In Notion, everything is a page inside a page — unless it’s a database. Databases are fast for filtering and views, but nesting feels fake. You can’t drag a database into a database without embedding it, and then all the powerful view logic disappears. I tried building a folder-style structure once using page nesting and ended up with a 20-page-wide breadcrumb trail that broke keyboard nav.

Behavioral oddity: You can’t multi-select nested Notion pages unless you’re in the sidebar view — not inside a database. Try holding Shift or Cmd. Nothing happens. So mass moving a group of research notes into a different topic involves dragging them one at a time. Eventually I gave up and built a flow in Make that batch renames and relocates them via the API — which sort of works, but sometimes skips properties with emoji in the name because the Make parser doesn’t handle unicode field keys well.

8. Templates and structured input patterns

Notion templates are amazing when you’re working in a database. You get consistent layouts, pre-filled properties, embedded instructions — everything to keep your team aligned. But they don’t work at the page level unless you’re doing manual duplication. That breaks fast if you want automation.

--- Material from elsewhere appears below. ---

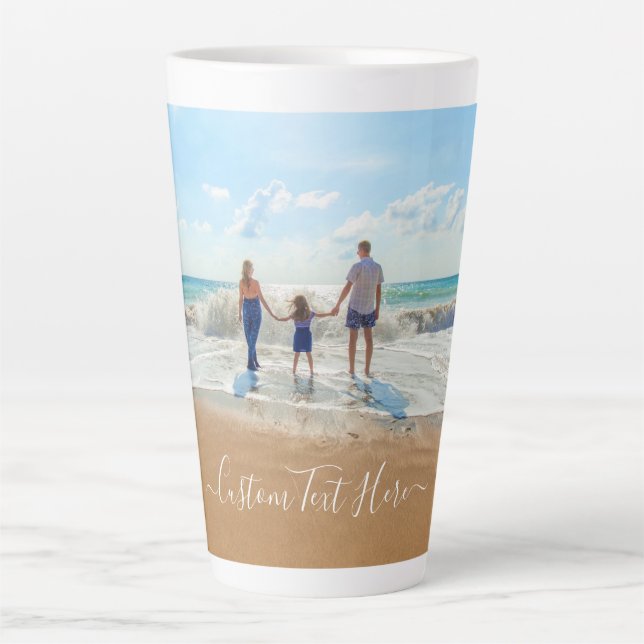 Upload Your Photo Latte Mug Add Text Name (Front)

Obsidian treats templates as flat files, which makes them better for flexible usage. Using the Templater plugin, I inject context-aware notes like this:

— Meeting Note —
Date: <% tp.date.now("YYYY-MM-DD") %>
Context: <% tp.system.clipboard() %>
Tags: #meeting

The real kicker is you can run inline JS to create conditionals in the template. I used it to auto-classify client meetings vs. internal ones based on previously used tags. That’s not possible in Notion without an entirely separate scripting layer.

Still, Notion wins if you need UI forms. Like if you want someone junior to fill out a project update without messing up the layout. Obsidian can’t lock anything, so one wrong paste breaks the YAML or collapses a hidden section.